Bots are steeped in the upward slope of the Hype Cycle these days, and many like to talk about the failure of bots. However, when you boil down most of the negativity, it has more to do with the scope of the problem, rather than the bot itself.

For example, we can’t (yet) expect a bot to “replace” a human. And, while I won’t conjecture whether or not that will ever be possible, the fact of the matter is that most bots don’t succeed because they go far too wide on the problems they are trying to solve. Because bots rely on NLP (natural language processing), like other fields of AI, you are only as good as your training data.

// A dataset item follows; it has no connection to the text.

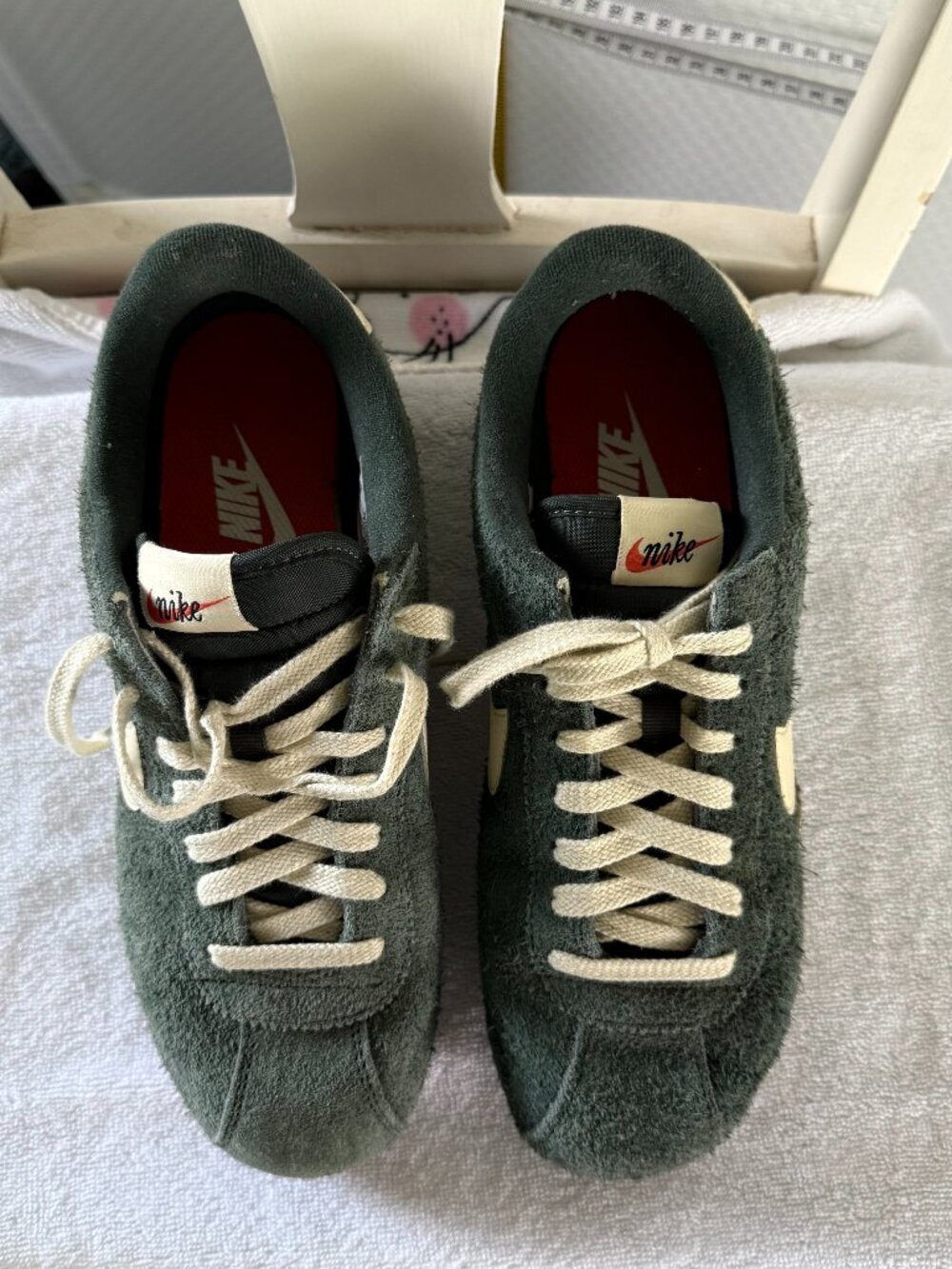 NIKE GREEN RETRO LOOK SUEDE SNEAKERS SIZE 9.5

There is a direct corollary between the breadth of the problem you want to solve, and the amount of high quality training data you have access to. Many of us have probably experienced the limitations of some sort of broadly defined “personal assistants”. We try to treat the bot like an assistant, and then it doesn’t work, and we get mad! It’s not the bots fault, even though I want to blame “it”. It’s a mile wide and an inch deep problem, where the bot just doesn’t have a chance for success because it is being asked to do too many things. Much like a human and the way we learn, we don’t simultaneously try to teach ourselves to code, to sell, to do customer support, etc. We tend to optimize and get really good at a relative few things. Same idea with…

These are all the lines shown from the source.